Comment 14 Dieter 2023-02-10 06:53:13 UTC
(In reply to Eyal Rozenberg from comment #13)
> Hmm. I'm not an LO dev but, I wonder... perhaps it's the case that Microsoft
> Word keeps an association of the typed characters to a keyboard layout or a
> language based on the keyboard layout, which sticks after you've moved on to
> type something else; while in LO, no such extra direction hinting
> information is maintained.

Eyal, is is correct, that you agree with Eric, that it is a bug, but developer advice is needed to figure out, why it happens?
In this case I think we can change status to NEW. Do you agree?
Comment 15 Dieter 2023-02-10 06:54:15 UTC
(In reply to Dieter from comment #14)
> Eyal, is is correct, that you agree with Eric, that it is a bug, but
> developer advice is needed to figure out, why it happens?
> In this case I think we can change status to NEW. Do you agree?

cc: Eyal Rozenberg
Comment 16 Eyal Rozenberg 2023-02-10 13:14:41 UTC
(In reply to Eric Bright from comment #0)
> Actual Results:
> As soon as you type the punctuation mark at the end of the English sentence,
> it jumps to the beginning of the English sentence (which is the end of the
> Persian paragraph).
> 
> Expected Results:
> The punctuation mark must stay at the end of the English sentence within the
> Persian paragraph.

No, that's not expected. Unless you somehow indicated the exclamation mark belongs to something LTRish  with the RTL paragraph - it belong at the end of the paragraph. 

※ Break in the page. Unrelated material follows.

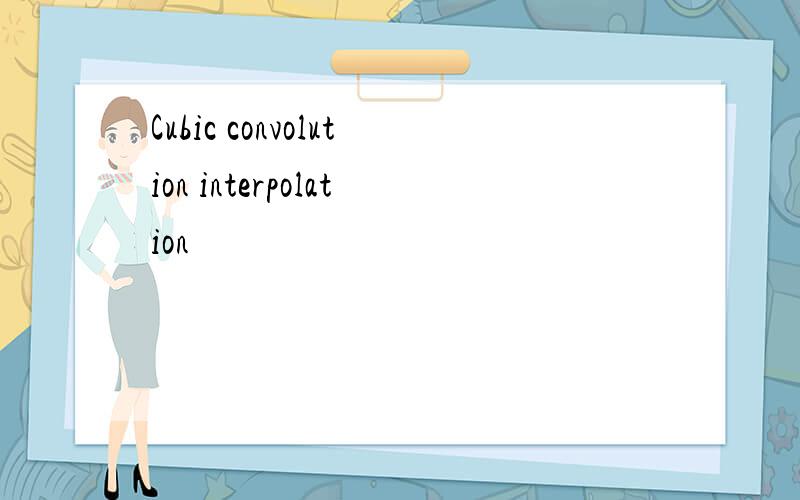 Cubic convolution interpolation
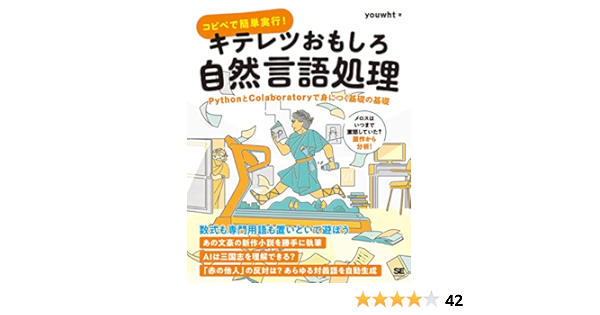 コピペで簡単実行 キテレツおもしろ自然言語処理 Pythonとcolaboratoryで身につく基礎の基礎 Youwht 本 通販 Amazon コピペで簡単実行 キテレツおもしろ自然言語処理 Pythonとcolaboratoryで身につく基礎の基礎 Youwht 本 通販 Amazon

You can, if you like, insert an LRM mark (https://en.wikipedia.org/wiki/Left-to-right_mark) after the exclamation mark; it will then be laid out as part of an LTR sequence - between an English character and another strongly-LTR character, the LRM.

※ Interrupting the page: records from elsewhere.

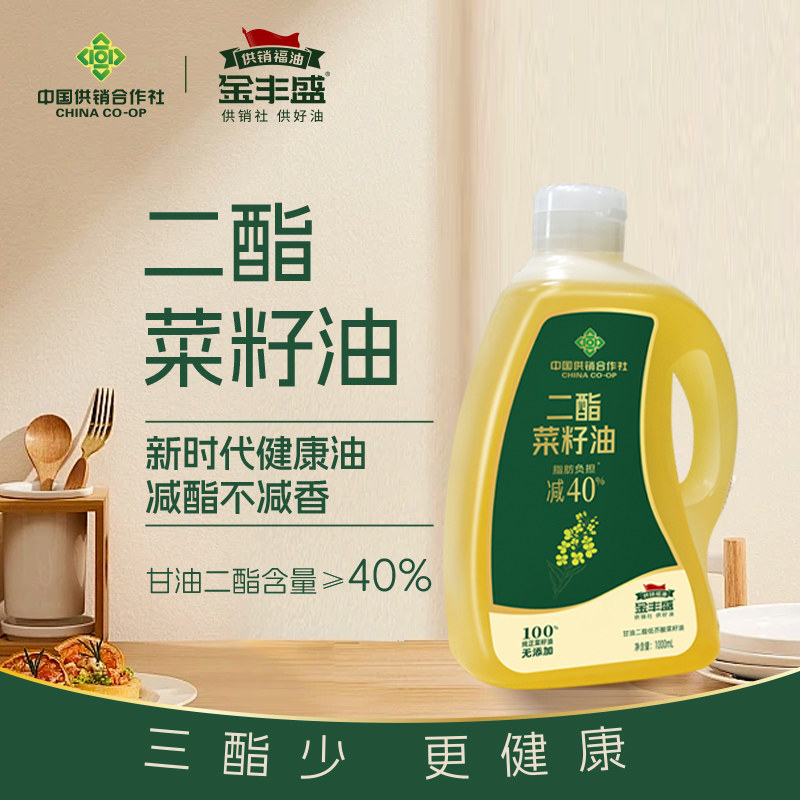 低芥酸二酯菜籽油1L甘油二酯40%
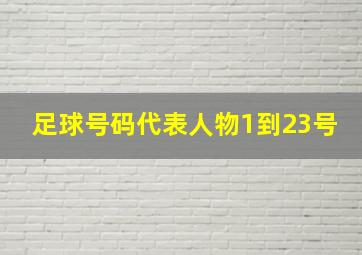 足球号码代表人物1到23号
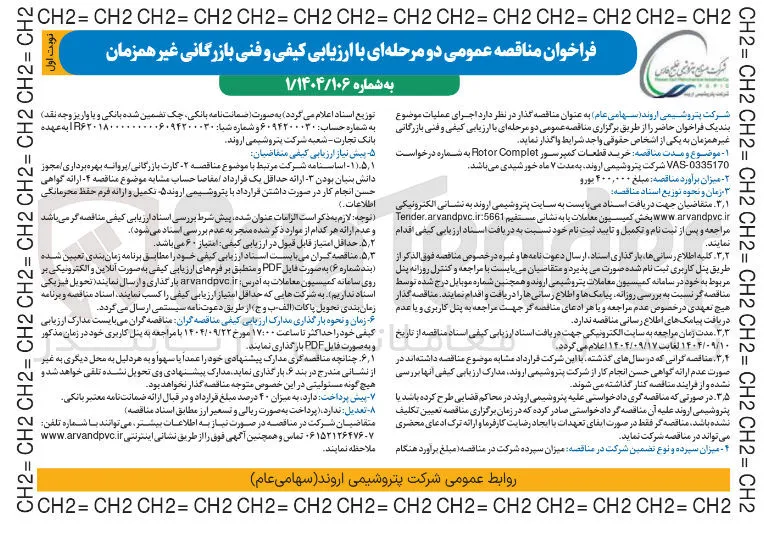 خرید قطعات کمپرسور Complet Rotor 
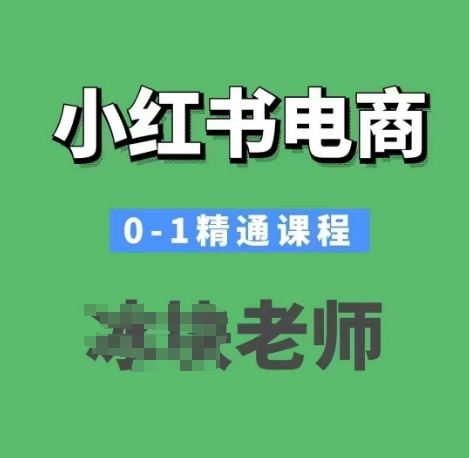 小红书电商0-1精通课程，小红书开店必学课程睿集资源栈-网赚项目-副业赚钱-互联网创业-资源整合睿集资源栈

Now, you _could_ argue that the position of the cursor, and the current keyboard layout language (English) suggest that more strong-LTR characters will be added, and the layout should be made as though a "phantom LRM" were present at that position. But this is certainly not a bug, and such a suggestions has significant drawbacks.


See also: 
https://www.unicode.org/reports/tr9/
and specifically the section about resolving embedding levels. It's a long and complicated document though.
Comment 17 Eric Bright 2023-03-02 18:33:41 UTC
Khaled, do you mind if you kindly look into this issue whenever possible, please? I changed the assignee to you Khaled, but feel free to change it back to default if needed (since I don’t know the proper procedure for such assignment).
Comment 18 ⁨خالد حسني⁩ 2023-03-18 17:43:29 UTC
There is no bug here, this is the standard Unicode Bidirectional Text algorithm behavior. If you copy the text to any other application (other than MS Word) you will get the same behavior. MS Word does something non-standard here, but I don’t know if the specifics are documented anywhere.
Comment 19 Eyal Rozenberg 2023-03-18 18:00:53 UTC
Like I said, if you wish to argue against the common, intentional behavior - you can make that argument; but probably a separate bug would be in order, discussing only the general question. You will need to provide motivation, refer to the relevant parts of the UBA, and explain why the benefits outweight the detriments of breaking the custom.